Malone, 30, has been part of the Edmonton organization for the past two seasons, spending the majority of his time in the AHL with the Bakersfield Condors. He has been an integral part of the AHL squad, and showed his experience with 13 points in 10 playoff contests this year. Though he amazingly has exactly zero points in 23 NHL games for the Oilers, Malone will serve as inexpensive center depth for the club while almost certainly seeing regular action in the minors.

Starrett meanwhile is a 24-year old goaltending prospect that joined the Oilers in 2017 after finishing his sophomore season at the Air Force Academy. The 6’5″ 220-lbs netminder posted a .918 save percentage in 42 appearances for Bakersfield, recording a tidy 27-12-2 record during the regular season. Starrett’s re-signing is a testament to the Edmonton development team, as he is an ECHL alumni finding success at the higher level.

Still, it is not exactly clear where Starrett will land when the season rolls around.
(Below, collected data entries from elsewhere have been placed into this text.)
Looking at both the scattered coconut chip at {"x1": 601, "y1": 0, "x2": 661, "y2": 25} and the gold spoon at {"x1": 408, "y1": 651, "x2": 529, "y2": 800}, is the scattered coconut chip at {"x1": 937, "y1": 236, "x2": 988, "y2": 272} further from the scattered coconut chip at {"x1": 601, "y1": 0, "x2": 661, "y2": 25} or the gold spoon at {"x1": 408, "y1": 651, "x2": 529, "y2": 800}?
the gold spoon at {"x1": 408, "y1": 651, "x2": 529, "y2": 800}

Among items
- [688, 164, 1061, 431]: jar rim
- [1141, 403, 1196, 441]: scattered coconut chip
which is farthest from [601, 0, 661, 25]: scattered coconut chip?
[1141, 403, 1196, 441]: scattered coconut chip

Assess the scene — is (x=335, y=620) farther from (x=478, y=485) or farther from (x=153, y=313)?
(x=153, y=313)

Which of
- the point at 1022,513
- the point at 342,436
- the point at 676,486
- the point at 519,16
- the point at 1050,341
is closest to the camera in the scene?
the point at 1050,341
The Oilers also have the younger Stuart Skinner and Dylan Wells in the organization, who both spent considerable time in the ECHL this season and may need a bigger challenge. Both represent mid-round picks that the team needs to continue to develop, while there is also the oncoming Olivier Rodrigue who will finish his junior career after the upcoming season. Edmonton is looking for an NHL upgrade instead of just a backup to Mikko Koskinen, meaning there is likely no room in the NHL for Starrett at this point. At the very least, the team can be happy they’ve created some legitimate prospect depth at the goaltending position.